Thornton Academy’s Cole Paulin enters the 2019 high school football season the same way he does each game: with a chip on his shoulder. 

The biggest change the senior captain sees in himself now compared to three years ago is that this group of Golden Trojans, the defending Class A State Champions, is his to march onto the gridiron. 

“I expect to be not only a leader on the field but the vocal leader — the guy who hypes everybody up, after a big play, running on the field — that’s the kind of guy I want to be,” Paulin said. “I hope that I get every pregame speech, every halftime speech, every postgame speech. I want it all.” 

On the first day of camp, the 6-foot, 210-pound middle linebacker practiced what he preached. Even toward the end of a grueling session in the humidity of a Maine summer morning, Paulin raced to be first in line after each drill rotation. Former Trojans showed him the right way to play, he said, and now it’s his turn to teach the next generation how things are done in Saco. 

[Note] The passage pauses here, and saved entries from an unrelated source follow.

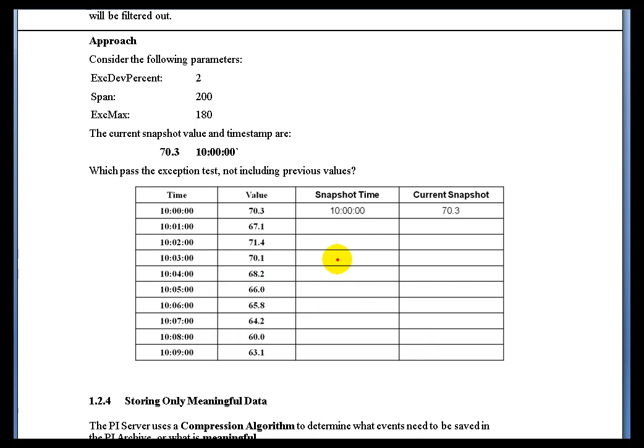So in summary, what we see is this value right here, this value right here, and then this value right here are the values that actually pass the Exception Test.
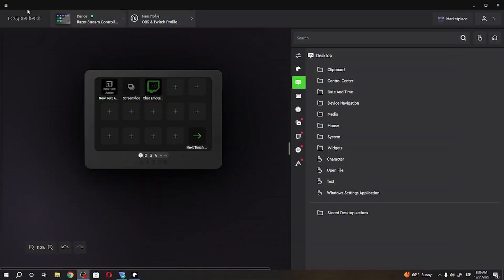And to do this first you'll need to download and install Loupedeck and you can find our previous video on how to do it.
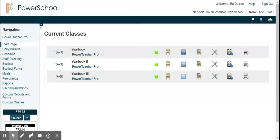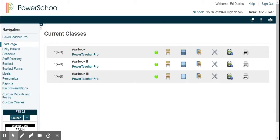Hi, this is Ed Duclo, Tech Content Coach, South Windsor School District. In this video, I'm going to show you how to put comments into Power Teacher Pro. I'm going to be using the expectations for student learning and putting them into a quarter. In this particular case, it will be the fourth quarter.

Thornton Academy head coach Kevin Kezal will lean on Paulin to serve as the ringleader of a defensive unit that lost All-SMAA First Team players Tommy Palmer, Ethan Logan, Ean Patry and Athan Gikas and second-teamers Eli Arsenal and Grant Dow. 

That’s a lot of talent gone from Hill Stadium — Thornton lost 22 players in all to graduation — but Kezal knows the right man to rally the next wave of Trojans wears No. 41. 

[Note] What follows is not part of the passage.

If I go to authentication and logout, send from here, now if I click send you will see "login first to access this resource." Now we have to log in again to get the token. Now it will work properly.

Paulin, a self-proclaimed football junkie, spends between five to eight hours a week studying film. Talking with him for only a few minutes reveals his knowledge of the game.

When I’m out there, he said, I’m not just following the running back and tackling him. There’s so much more that goes into playing linebacker. When a play, or two, is called in from the sideline, Paulin is responsible for coordinating the coverage with the other 10 Trojans on the field. Before the snap, he scans the opposition in search of any clue that might tip his opponent’s hand. 

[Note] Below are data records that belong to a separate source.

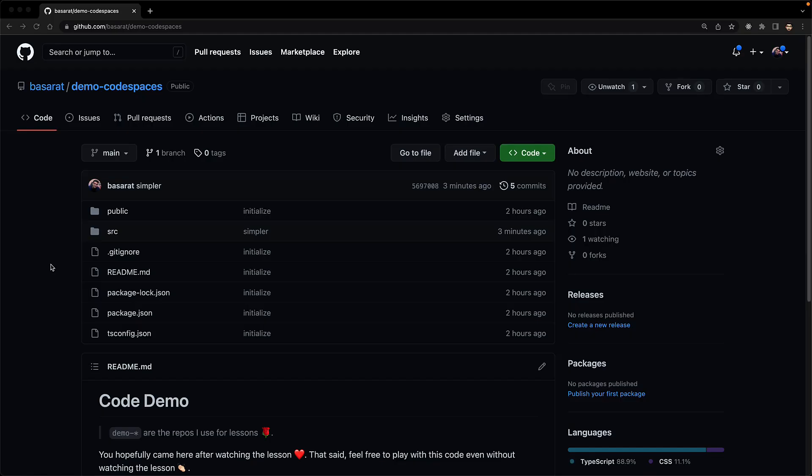All of this from a simple npm start. And if you are curious, I am using this thing called Resil and I have a lesson dedicated to that that I will leave in the video description. But let's push this code onto GitHub and see how we can work on it in the cloud.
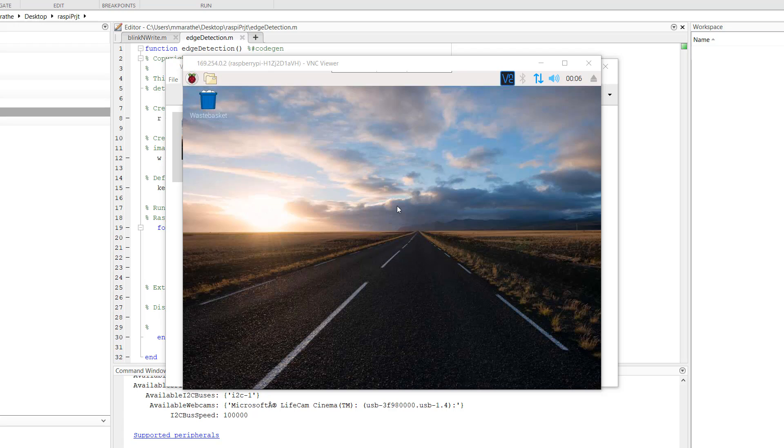We can find this from the target hardware object or the Raspberry Pi object created in the workspace. The default username and password are Pi and Raspberry respectively.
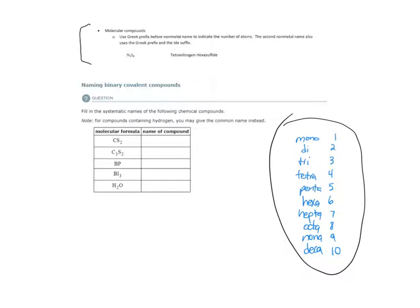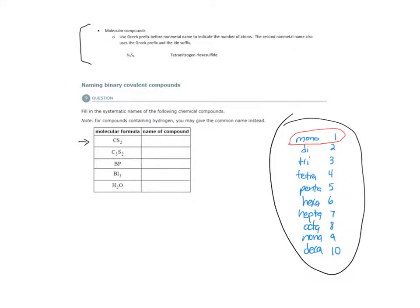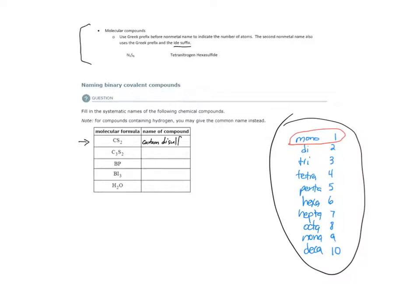So our first row here is CS2, one carbon atom. Remember the exception. If we have one atom of your first nonmetal, you do not use the mono-prefix, so we just write carbon, and then di-sulfur, but the second nonmetal uses the IDE suffix, so sulfide.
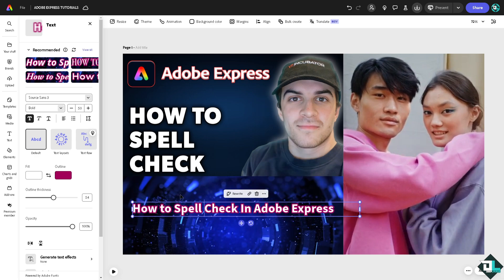But of course we're going to show you some ways to ensure that your text is error-free.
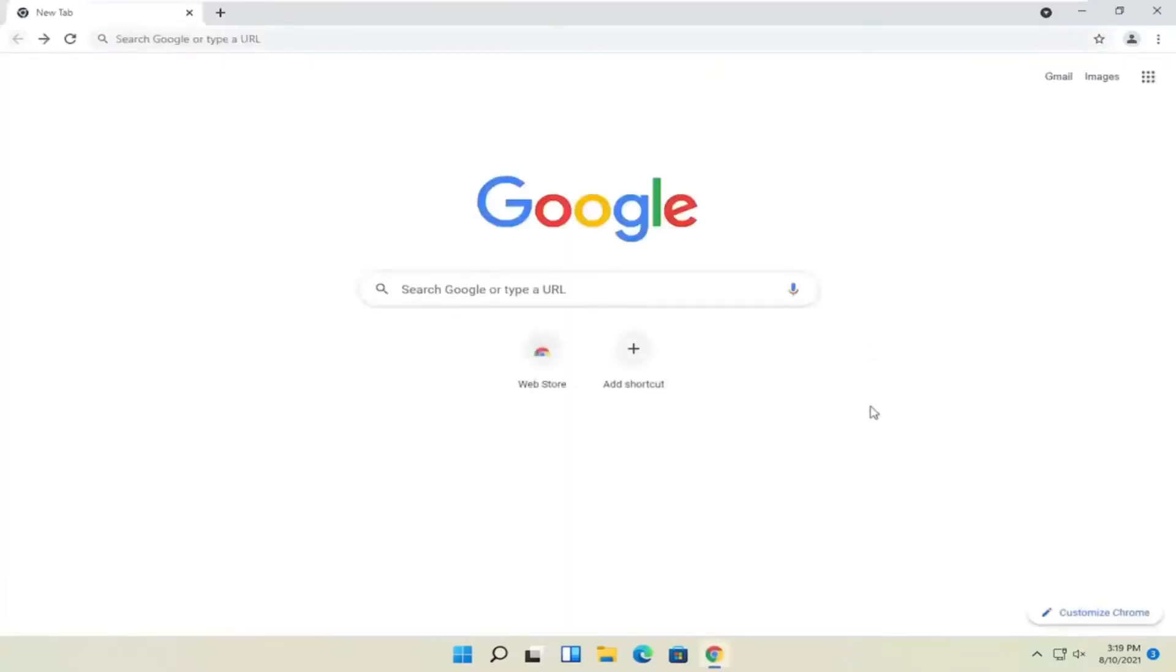So pretty straightforward. If you want to sign back into your profile, you can click the little profile icon up at the top and then you could sign in. And if you sign to your Gmail account, then you can sync everything up.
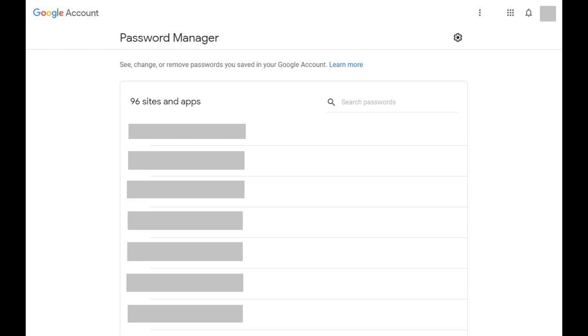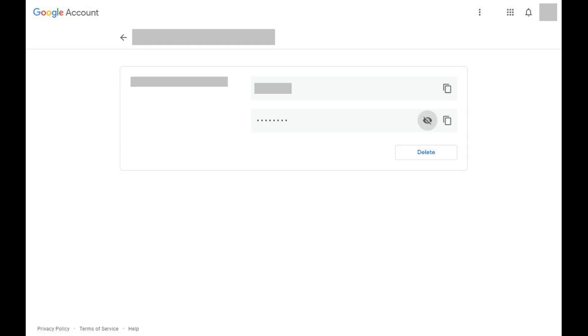Step 2. Scroll through the list to find the website you want to see your username and password for, and then click that account. Enter the password associated with your Google account again if prompted.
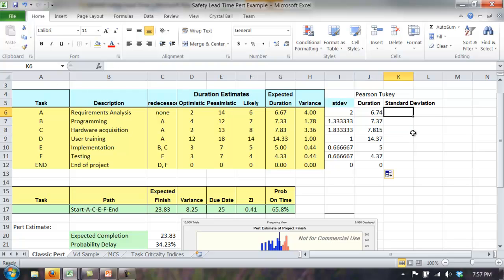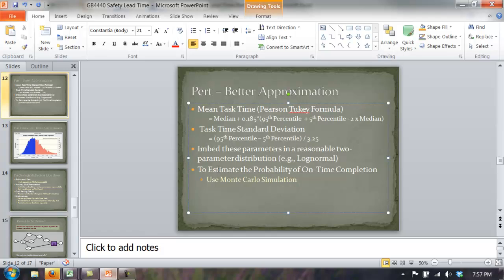The formula for the standard deviation: what's in the numerator are the same numbers — pessimistic minus optimistic — but now we're no longer assuming that's the whole range of the data. We assume that represents about 90% of the data, so the range containing 90% of the data is divided by 3.25. Previously, for variance we divided by 36, whose square root is 6. So we have a smaller denominator than the classic PERT — 3.25 instead of 6 — and consequently our standard deviations will be slightly larger.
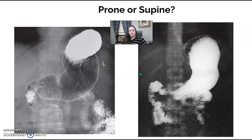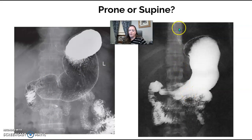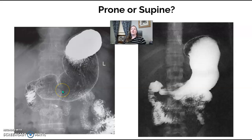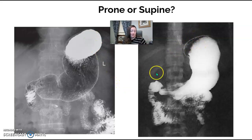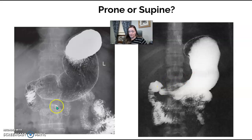Prone or supine? Look at the spine — spinous processes are coming straight down the midline on both, so this patient is either supine or prone. If they're supine, barium goes into the fundus as the lowest point. If prone, air rises into the fundus. So the image with air in the fundus has to be the prone.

That’s where the hours spent in film sessions pay off, because “every lineman is different.” He studies the guards. Where are their feet placed? How much weight is being applied to their hands? It’s technical, Paulin said, and he cracked a smile. 

“You’ve really got to understand the game to do what he does,” Kezal said. “He’s a good one.” 

Paulin knows that decades from now, he won’t be playing football. The game can only get you so far, he said, and he’s excited to explore his off-field interests — math and the sciences — in college. He credits his love of academics to his parents, Mark and Meesha, who sat on the floor with him as a child, teaching arithmetic and cursive. Paulin also knows that his final year in maroon and gold is one that he won’t take for granted. While he plans to play football at the next level, it’ll be different. He won’t know the city or the parents in the stands. 

As he speaks on the future he pauses for several seconds, looks toward the sky and expresses how fortunate he is to have been a part of the Golden Trojans’ tradition. 

“It’s crazy, 20 years down the line I can tell someone that I played football for Thornton Academy (and) I won a state championship,” he said. “No matter where you go … you run into alumni everywhere. This whole town rallies around football. I wouldn’t want to play for any other town.” 

But college can wait. There’s a state championship to win, and don’t tell Thornton that it’s defending anything, because the Trojans have already turned the page onto the next chapter. 

“We’re not out here to prove that we’re still on top,” Paulin said. “It’s a new league … there’s a lot of competition. We’re just trying to pound it into the younger guys’ heads that nothing just happens. Just because we won last year doesn’t mean anything’s a given … We don’t expect to come out with a losing season. We don’t expect anything less than winning State … It’s just been ingrained that we want to win. We want to be champions.”